Application Network Auditing
I see that many people carelessly express their opinions about how private and privacy oriented some applications are, especially in the browsers landscape, but, so far, all failed to report a strict analysis with real world data or numbers.
Here you can find some of the possible ways of auditing a web browser for background network connections. Specifically to see if it phones home, if it bypasses the system dns, if it contacts third parties.
While this type of auditing requires some experience in networking, it is also meant to be naive and superficial by showing only connections and not their content, to show what actually happens behind the scenes and finally have some actual real world data and visuals on this.
There are easier or quicker ways of doing this kind of test, for these, check the last part of this article where I propose some alternative methods.
Ingredients
- The Application, in this case:
chromium | 120.0.6099.129-1 | https://deb.debian.org/debian testing/main amd64 Packages
- Wireshark
- A GNU/Linux distribution
Preparation
For this task we have two options,
-
Option 1: to monitor network activity at the first run, we can run a freshly installed Virtual Machine snapshot so we can roll back to a pristine state before each test every time.
-
Option 2: we do not care about the first run, we can proceed with no need for virtual machine, saving time and disk space.

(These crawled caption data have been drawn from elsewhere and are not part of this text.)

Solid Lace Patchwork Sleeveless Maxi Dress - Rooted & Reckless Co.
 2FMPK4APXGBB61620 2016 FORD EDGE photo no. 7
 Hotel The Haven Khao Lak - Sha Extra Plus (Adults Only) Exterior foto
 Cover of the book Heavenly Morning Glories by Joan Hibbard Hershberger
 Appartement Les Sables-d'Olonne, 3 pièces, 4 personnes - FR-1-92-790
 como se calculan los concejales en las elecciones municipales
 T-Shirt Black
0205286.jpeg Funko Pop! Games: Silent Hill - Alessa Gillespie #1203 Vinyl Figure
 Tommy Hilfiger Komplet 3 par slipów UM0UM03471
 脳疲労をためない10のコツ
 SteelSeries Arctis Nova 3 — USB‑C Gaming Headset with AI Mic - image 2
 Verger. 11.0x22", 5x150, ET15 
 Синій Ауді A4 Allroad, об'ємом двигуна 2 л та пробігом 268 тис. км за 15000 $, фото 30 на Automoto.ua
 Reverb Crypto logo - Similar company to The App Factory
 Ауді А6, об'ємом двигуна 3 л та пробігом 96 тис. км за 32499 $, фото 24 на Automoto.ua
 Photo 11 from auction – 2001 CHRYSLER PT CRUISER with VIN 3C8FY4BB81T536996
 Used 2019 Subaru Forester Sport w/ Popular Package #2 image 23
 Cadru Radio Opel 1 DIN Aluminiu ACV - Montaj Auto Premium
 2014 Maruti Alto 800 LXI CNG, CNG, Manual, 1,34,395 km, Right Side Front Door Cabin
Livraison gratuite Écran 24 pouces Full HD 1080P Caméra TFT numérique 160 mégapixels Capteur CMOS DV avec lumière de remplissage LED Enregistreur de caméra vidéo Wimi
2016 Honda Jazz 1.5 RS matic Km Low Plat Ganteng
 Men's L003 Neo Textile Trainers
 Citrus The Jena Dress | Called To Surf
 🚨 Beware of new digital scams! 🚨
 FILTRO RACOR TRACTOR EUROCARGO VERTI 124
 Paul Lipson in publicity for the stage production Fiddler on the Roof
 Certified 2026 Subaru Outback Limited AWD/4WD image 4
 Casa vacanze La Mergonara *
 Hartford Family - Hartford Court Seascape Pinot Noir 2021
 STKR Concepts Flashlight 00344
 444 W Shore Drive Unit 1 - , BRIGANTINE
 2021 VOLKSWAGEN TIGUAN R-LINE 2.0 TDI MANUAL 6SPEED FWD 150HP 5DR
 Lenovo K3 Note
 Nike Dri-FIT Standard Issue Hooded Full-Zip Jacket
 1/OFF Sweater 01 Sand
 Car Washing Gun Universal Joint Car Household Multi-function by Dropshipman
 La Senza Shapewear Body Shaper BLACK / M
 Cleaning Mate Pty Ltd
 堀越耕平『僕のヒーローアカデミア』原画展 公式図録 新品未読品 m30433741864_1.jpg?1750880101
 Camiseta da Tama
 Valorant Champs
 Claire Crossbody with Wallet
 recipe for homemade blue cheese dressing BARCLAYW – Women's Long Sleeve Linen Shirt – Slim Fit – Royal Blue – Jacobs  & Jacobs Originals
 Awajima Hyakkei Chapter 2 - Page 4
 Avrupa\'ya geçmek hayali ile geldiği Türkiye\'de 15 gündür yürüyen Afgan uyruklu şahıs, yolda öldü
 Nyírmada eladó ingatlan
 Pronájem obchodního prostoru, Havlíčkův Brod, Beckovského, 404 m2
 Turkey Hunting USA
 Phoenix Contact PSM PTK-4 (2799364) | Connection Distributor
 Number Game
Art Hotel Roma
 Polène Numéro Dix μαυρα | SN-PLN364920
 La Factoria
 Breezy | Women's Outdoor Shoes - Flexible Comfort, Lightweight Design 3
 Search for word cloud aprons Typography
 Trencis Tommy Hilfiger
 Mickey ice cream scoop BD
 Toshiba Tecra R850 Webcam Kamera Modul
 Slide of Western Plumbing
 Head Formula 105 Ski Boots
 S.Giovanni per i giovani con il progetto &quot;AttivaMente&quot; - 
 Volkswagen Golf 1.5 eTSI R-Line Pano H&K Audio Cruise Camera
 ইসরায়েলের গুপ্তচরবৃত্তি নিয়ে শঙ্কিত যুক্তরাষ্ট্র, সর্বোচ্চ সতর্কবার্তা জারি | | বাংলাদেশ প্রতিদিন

Regardless of the option chosen, the following steps apply.
Network setup
In order to perform a clean analysis of the network activity, we need to confine the application we want to audit in an ad-hoc Network Namespace. This way we will be able to inspect only the application traffic, without interferences and other possible sources of traffic (automatic updates, Ntp, etc), so to make sure that everything we see in Wireshark can only originate from the application of which we want to inspect the traffic.
SSL Encryption
Since all the transmissions are encrypted, we will not be able to inspect the content of these transmissions. We will be able to see the endpoints of these transmissions.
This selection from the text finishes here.